I carry the bag of food as we walk back down the street to the motel. Peter won’t let me stay too far behind; he keeps slowing his step so that we’re practically in sync.

“You’re being too courteous,” I murmur to him. “You have to walk more like you don’t give a damn about me.”

“Well, that makes me sick,” Peter mutters back. “I can’t do that.”

“You have to,” I say. “It’s what’s keeping us safe.”

This convinces him, and he bolts ahead a bit, as I scurry to stay within my rightful place. It would feel like a flirtatious game, if there weren’t couples all around us doing the same thing, worried to slip out of their roles lest they be judged by other Believers or God. When we turn down the side street, within sight of the motel, Peter slows down again. He looks around to make sure no one’s watching, then grabs and squeezes my hand.

“Vivian Apple,” he says with satisfaction. “And she claims she’s not badass.”

I keep my head down, because I’m blushing, thinking, You bring it out in me. You make me brave. And then suddenly my heart thumps in my chest, and I know I’m about to do something even braver, something the old Vivian would have never dared. I want to tell Peter how much I like him, that I’ve liked him from the moment I saw him at the Rapture’s Eve party. I can hear my own voice in my head, telling him: I know I’m seventeen, and my bangs are too long, and I don’t yet know how to carry my own arms; I know it’s the end of the world. But I would be his if he wanted me; I would be so happy to be his. We’re nearing the motel, and I’m running out of time to say it. But I only have to be brave. I take a breath, and—

“Viv,” Peter says, almost breathlessly, again somehow reading my mind. “I have to say something I don’t want to say, but it would be unfair not to say it: I can’t really imagine … being with anyone right now. I think there’s just too much going on, in our lives, in the world, and I think that if … any two people, per se, thought it would be a good time to be with each other, they’d be wrong. I think they’d be doing each other a disservice. Does that make sense?”

“Yes,” I say. No.

“It’s all happening so quickly,” he says. “Too quickly. And there’s just not enough guaranteed time left to … We could all be dead in September. It would be bad enough to be dead in September, but to have to watch someone I … That’s why I don’t think it’s fair.”

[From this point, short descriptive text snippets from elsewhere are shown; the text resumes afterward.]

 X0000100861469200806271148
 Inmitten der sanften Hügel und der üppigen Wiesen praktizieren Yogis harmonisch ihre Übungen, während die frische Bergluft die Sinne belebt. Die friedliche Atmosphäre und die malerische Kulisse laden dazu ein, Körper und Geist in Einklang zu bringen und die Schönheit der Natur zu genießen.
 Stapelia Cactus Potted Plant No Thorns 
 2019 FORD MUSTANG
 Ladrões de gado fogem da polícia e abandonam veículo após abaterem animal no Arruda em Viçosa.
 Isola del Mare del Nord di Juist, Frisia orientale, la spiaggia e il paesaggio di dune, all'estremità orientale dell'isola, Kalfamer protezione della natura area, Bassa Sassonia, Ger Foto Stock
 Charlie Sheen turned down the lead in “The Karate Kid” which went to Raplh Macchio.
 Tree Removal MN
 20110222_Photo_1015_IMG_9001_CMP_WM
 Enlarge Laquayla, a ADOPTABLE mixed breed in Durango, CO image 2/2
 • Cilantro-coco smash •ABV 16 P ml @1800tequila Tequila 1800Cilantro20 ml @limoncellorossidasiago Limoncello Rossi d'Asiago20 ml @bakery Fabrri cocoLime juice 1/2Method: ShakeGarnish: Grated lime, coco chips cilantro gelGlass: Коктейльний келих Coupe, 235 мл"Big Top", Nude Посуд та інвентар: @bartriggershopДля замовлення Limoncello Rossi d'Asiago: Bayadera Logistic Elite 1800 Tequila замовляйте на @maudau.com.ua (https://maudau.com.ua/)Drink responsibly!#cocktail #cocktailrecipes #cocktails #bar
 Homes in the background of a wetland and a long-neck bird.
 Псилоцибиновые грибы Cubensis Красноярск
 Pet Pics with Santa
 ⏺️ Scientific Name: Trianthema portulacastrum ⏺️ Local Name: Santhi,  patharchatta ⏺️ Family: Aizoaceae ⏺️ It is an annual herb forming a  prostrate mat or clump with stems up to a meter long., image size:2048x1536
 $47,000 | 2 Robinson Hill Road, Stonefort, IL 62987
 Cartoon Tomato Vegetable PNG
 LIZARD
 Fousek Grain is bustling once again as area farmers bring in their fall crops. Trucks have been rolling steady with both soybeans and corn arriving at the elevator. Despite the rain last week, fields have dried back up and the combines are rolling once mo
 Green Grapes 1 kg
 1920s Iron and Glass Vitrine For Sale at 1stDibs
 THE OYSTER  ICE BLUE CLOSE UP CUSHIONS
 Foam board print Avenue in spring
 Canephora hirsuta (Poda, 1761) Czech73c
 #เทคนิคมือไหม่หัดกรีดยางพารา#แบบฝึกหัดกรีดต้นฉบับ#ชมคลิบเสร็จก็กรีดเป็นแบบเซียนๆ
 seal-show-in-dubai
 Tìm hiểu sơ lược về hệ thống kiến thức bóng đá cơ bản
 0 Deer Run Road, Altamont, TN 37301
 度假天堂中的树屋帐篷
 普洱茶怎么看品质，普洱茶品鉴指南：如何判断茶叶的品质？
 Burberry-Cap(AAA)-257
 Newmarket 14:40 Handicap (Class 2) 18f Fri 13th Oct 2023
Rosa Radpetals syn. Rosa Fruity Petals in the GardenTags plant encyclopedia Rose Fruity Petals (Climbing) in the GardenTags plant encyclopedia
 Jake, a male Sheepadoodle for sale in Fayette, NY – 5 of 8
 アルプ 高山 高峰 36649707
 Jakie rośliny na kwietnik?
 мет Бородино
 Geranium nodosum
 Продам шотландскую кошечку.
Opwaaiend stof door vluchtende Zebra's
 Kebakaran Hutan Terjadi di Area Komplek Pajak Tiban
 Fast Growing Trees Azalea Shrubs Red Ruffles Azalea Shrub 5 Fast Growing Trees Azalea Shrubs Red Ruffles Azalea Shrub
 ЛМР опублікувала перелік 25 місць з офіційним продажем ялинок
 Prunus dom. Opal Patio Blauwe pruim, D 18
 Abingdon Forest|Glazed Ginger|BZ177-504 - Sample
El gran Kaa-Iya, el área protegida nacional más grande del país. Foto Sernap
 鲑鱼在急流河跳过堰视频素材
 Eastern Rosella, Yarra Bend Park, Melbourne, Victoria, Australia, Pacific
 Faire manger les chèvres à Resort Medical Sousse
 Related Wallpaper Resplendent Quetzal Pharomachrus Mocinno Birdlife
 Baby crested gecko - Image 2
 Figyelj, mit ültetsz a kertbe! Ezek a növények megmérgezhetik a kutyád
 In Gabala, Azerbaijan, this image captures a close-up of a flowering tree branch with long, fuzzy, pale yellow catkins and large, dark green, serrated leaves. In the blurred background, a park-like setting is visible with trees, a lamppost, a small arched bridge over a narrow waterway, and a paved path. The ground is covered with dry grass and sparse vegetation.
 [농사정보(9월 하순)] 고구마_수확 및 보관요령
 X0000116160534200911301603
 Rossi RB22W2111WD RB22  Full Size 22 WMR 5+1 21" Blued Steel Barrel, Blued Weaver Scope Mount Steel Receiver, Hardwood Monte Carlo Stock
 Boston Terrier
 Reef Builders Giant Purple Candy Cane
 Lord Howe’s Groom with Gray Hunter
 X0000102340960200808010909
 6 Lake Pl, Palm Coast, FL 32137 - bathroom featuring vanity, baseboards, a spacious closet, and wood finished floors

“Of course it isn’t,” I say. “I agree.”

“You do?”

“Absolutely.”

“Okay.” We’re standing at the door of our motel room, and all I want to do is get inside. I want to sit and share a burrito with Harp, and get out from under the buzzing white bulb hanging in the motel corridor, which must be lighting up my face in all its mortification. I wish more than anything at this moment that a trap door would open in the concrete and the earth would swallow me whole. Peter has a worried look on his face as he gazes down at me. I need to get inside before I start crying at it. “It doesn’t make me happy,” he says softly, “to have to say that.”

I use Harp’s trick, and summon the stone mask of complete indifference. I shrug. “It doesn’t make me feel anything. Can we go inside now?”